What does this mean for the special relationship with Iran? On Jan. 7, only days before the sultan’s death, Oman’s mediation was seen in effect amid escalated tensions between the United States and Iran. Foreign Minister bin Alawi told officials in a Tehran conference that Washington had been in constant contact with Muscat over easing the conflict and seeking de-escalation. This was, however, only a day before the downing of the Ukraine International Airlines Flight 752, which caused 176 civilian casualties and has jolted the United States and Iran into an unprecedented phase of heightened apprehension. One of Sultan Qaboos’s final cables was a message of condolences to Rouhani for the victims of the plane crash and their families. Rouhani has already indicated the desire for closer ties with the “brotherly” nation of Oman in a letter to the new sultan. In this dark moment for U.S.-Iran relations, there is much to be gained for the United States in recognizing Sultan Haitham as a conceivable interlocutor and ally.

On top of these tensions, the European powers have triggered a formal dispute mechanism over Iran’s breaches of the nuclear deal—which Iran claims are legitimate since the United States abandoned the deal in 2018. Sultan Haitham thus arrives at a decisive and challenging moment and may want to offer a channel for nuclear conciliation, but it is unlikely that Tehran and Washington will reach any agreement that does not come with Iranian losses. Instead, the question of Iran in Arab affairs will require careful mediation. Unlike his predecessor however, Haitham will not have to defend his position with Iran—it is already assumed and very much needed. With the potential of further Iranian revenge attacks against U.S. targets in the region, Gulf Cooperation Council (GCC) countries hosting U.S. bases remain on edge.
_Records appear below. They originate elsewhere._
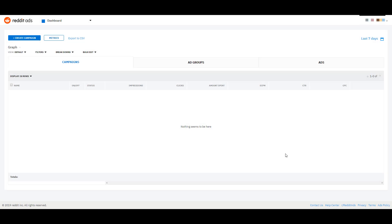If you are new to Reddit ads and you just signed up for an account, this is what your dashboard will look like — pretty blank. But eventually when you have some robust campaigns going, you'll be able to look at your campaigns, your ad groups, and your ads. Assuming this is brand new for everybody, let's go and look at creating a new campaign.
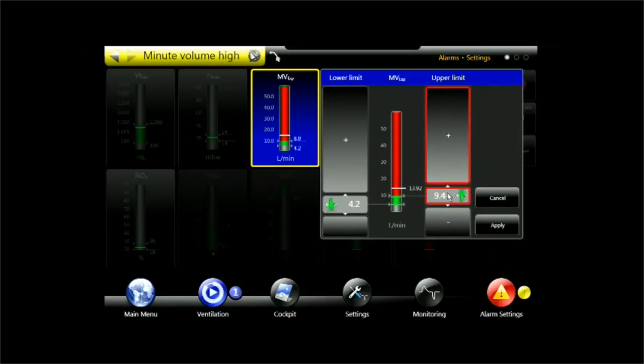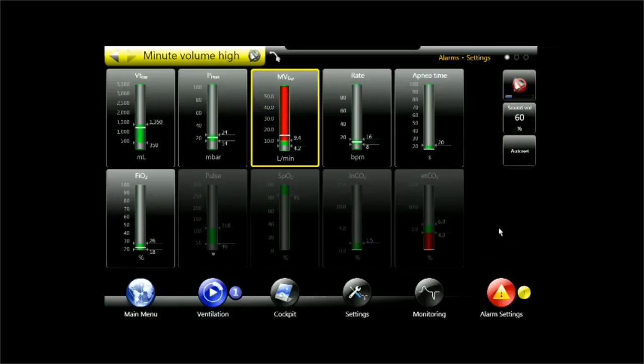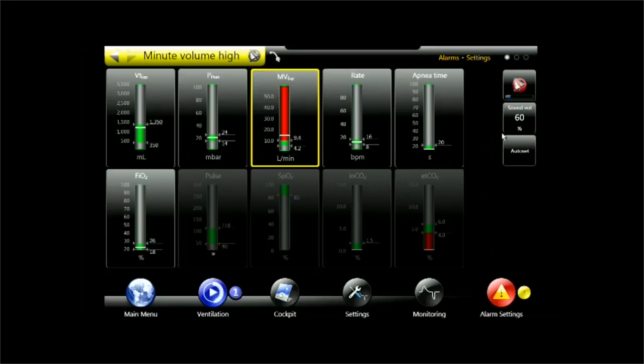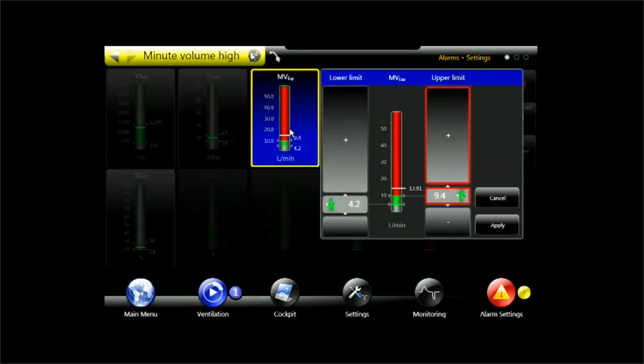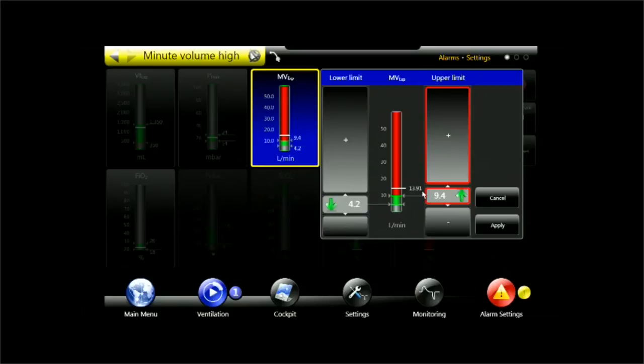Let me leave this for a moment to just show you another function which is convenient in one side and a little dangerous on the other and it's called the AutoSet. AutoSet adjusts all my alarm limits around the current value. So if I have a current minute volume of 13.9 liters per minute, then AutoSet will go and set the alarm limits above and below that limit.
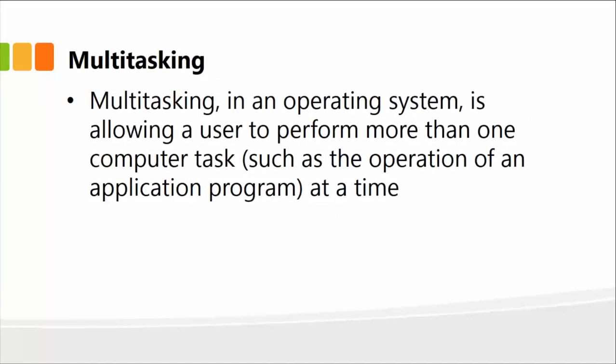Next is the concept of multitasking. Multitasking within an operating system is allowing a user to perform more than one computer task, such as the operation of an application program at a given point in time. You could have a word processing program open, such as Microsoft Word, yet at the same time you're downloading something from the internet. So there are two things happening simultaneously, and that's what multitasking is all about.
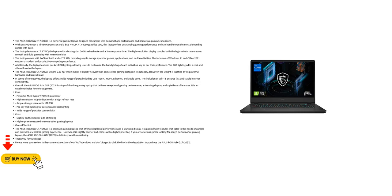The laptop features a 17.3 inch WQHD display with a blazing fast 240Hz refresh rate and a 3ms response time. The high resolution display coupled with the high refresh rate ensures smooth and fluid gameplay with no motion blur.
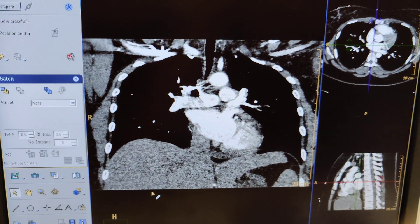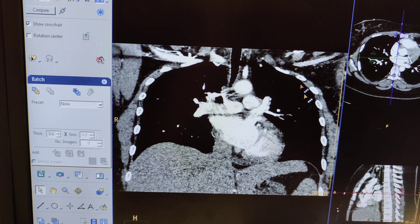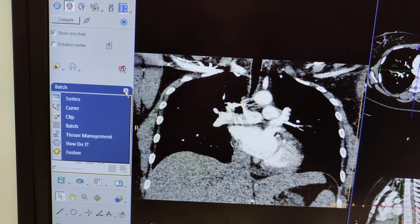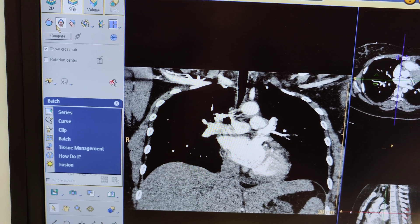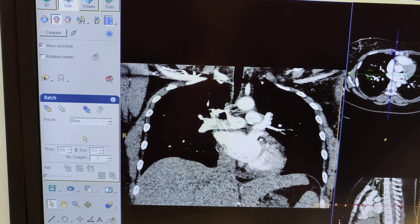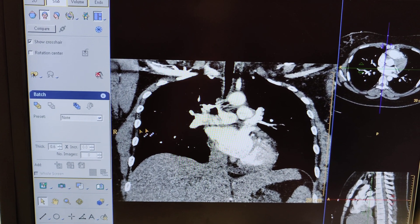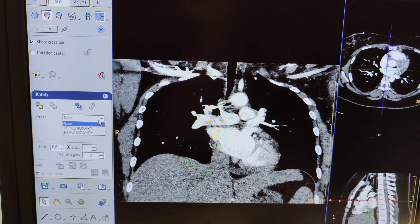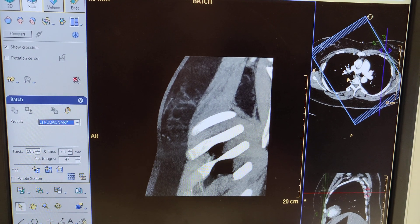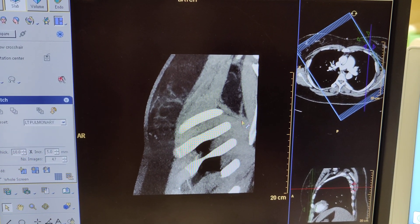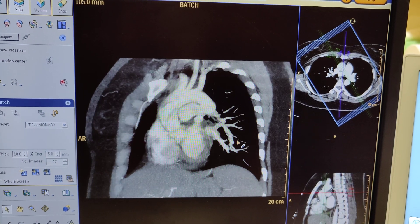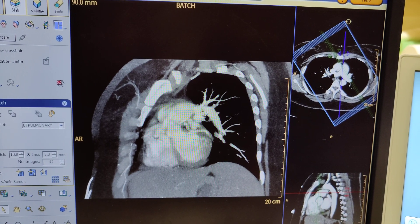Here's an example of a chest pulmonary scan. Make sure you're in coronal view, then click batch. When you're on here, go to your left side because that's what we're going to work on. Left-hand click and scroll through this pulmonary scan.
Consequently, the new sultan inherits the position at a delicate moment for the Persian Gulf, and his first challenge comes at the intersection of regional and international crisis, balancing the GCC states, Tehran, and Washington.

In such turbulent times, the Middle East desperately needs a mediator like Sultan Qaboos. Sultan Haitham arrives at a particularly demanding moment, but he will continue the quest for stability in the region. Oman’s foreign policy of peaceful coexistence, tolerance, and diplomacy—friend to all, enemy to none—will survive Sultan Qaboos and so too will his respected special relationship with Iran.

Marral Shamshiri-Fard is a Ph.D. candidate at the London School of Economics and Political Science, researching the history of the Iranian intervention in Oman. She has an M.Phil. in modern Middle Eastern studies from the University of Oxford.